━━━ EXERCISE MATERIALS ━━━

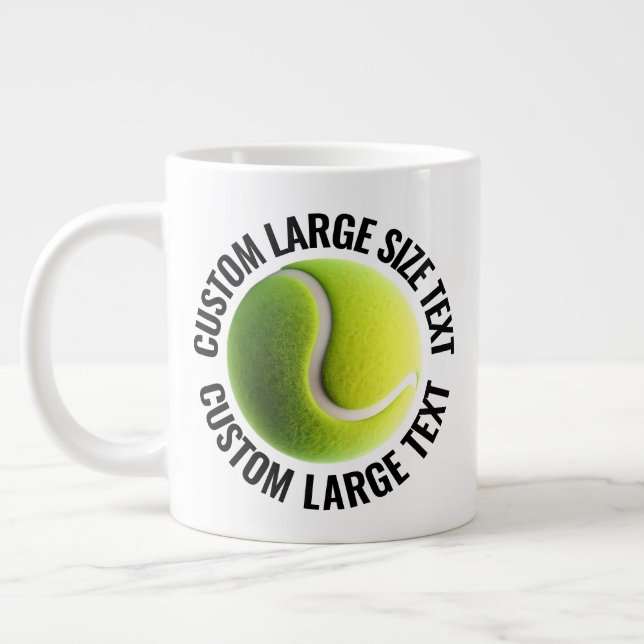 Stor Storlek Personlig Text Tennisboll Anpassad Jumbo Mugg (Vänster)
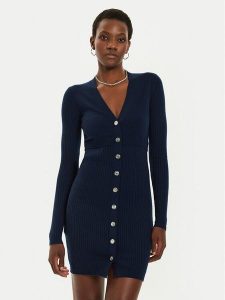 Pinko Sukienka dzianinowa Riserva 104017 A15S Granatowy Regular Fit. Niebieskie sukienki Pinko, s, bez wzorów, z dzianiny, bez kołnierzyka, bez ramiączek. Za 669,00 zł.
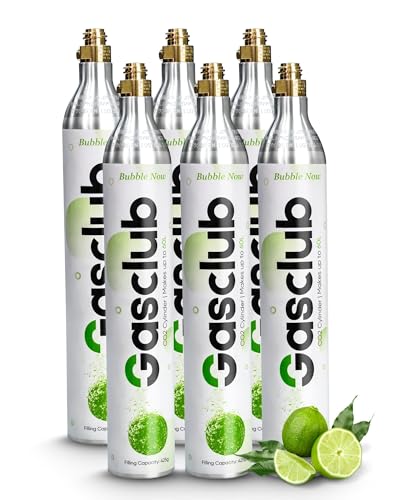 GasClub 60L CO2 Cylinder Compatible with All 'Screw-In' Soda Makers For SodaStream (Excluding Enso, E-TERRA, Art, Terra, Gaia, and Aqua Fizz), Philips, Aarke, etc.Makes Up to 60L, 6-Pack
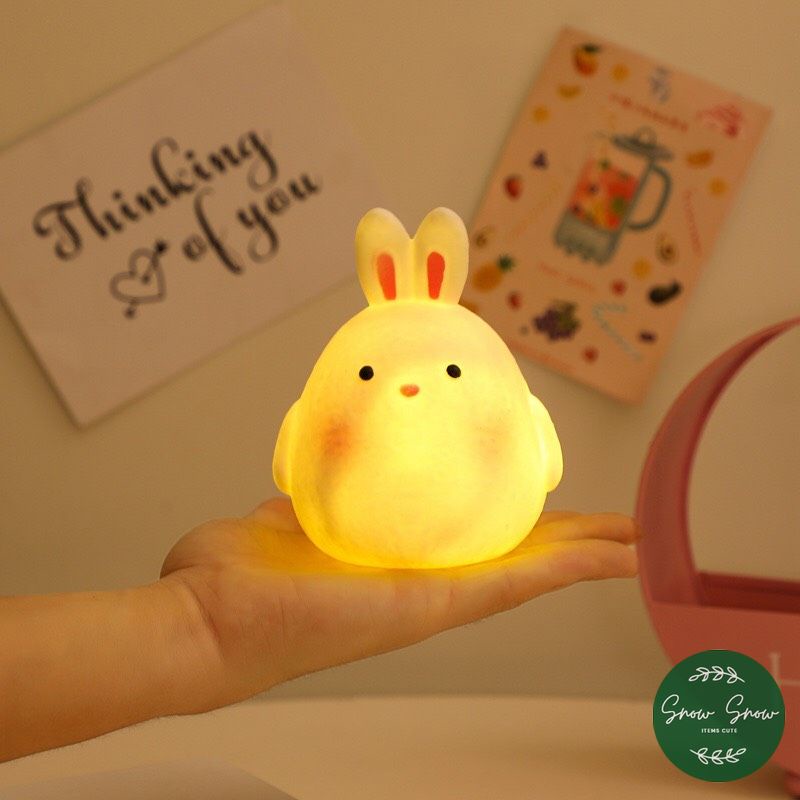 Đèn Ngủ Để Bàn - Đèn Ngủ hình Gấu Thỏ dễ thương trang trí phòng tặng kèm pin tiện lợi nhựa cứng siêu bền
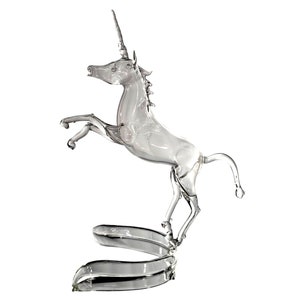 Vintage Lamp Work Unicord, Hand Blown Unicorn Figurine, Art Glass Unicorn Figure, Hand Made Glass Figurine OOK  10&quot;
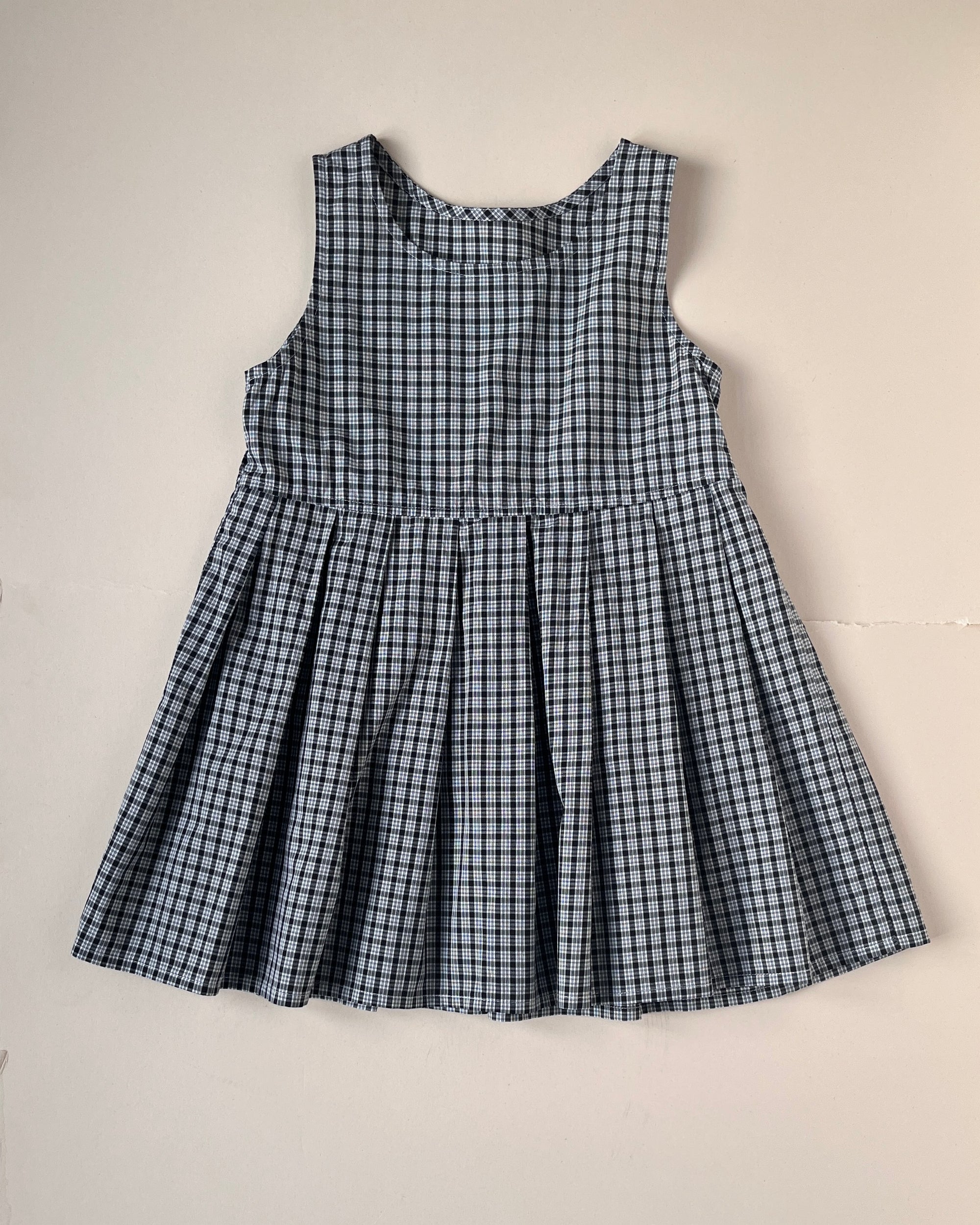 Pleat Dress—Cotton Black White—2 Yrs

━━━

## WHAT IS REQUIRED:
Exactly as written, restate the lines from the one that contains "Đèn Ngủ Để Bàn" through the final line of the data, both ends included, but leave out the pictures.

## THE COMPLETED TASK:
 Đèn Ngủ Để Bàn - Đèn Ngủ hình Gấu Thỏ dễ thương trang trí phòng tặng kèm pin tiện lợi nhựa cứng siêu bền
 Vintage Lamp Work Unicord, Hand Blown Unicorn Figurine, Art Glass Unicorn Figure, Hand Made Glass Figurine OOK  10&quot;
 Pleat Dress—Cotton Black White—2 Yrs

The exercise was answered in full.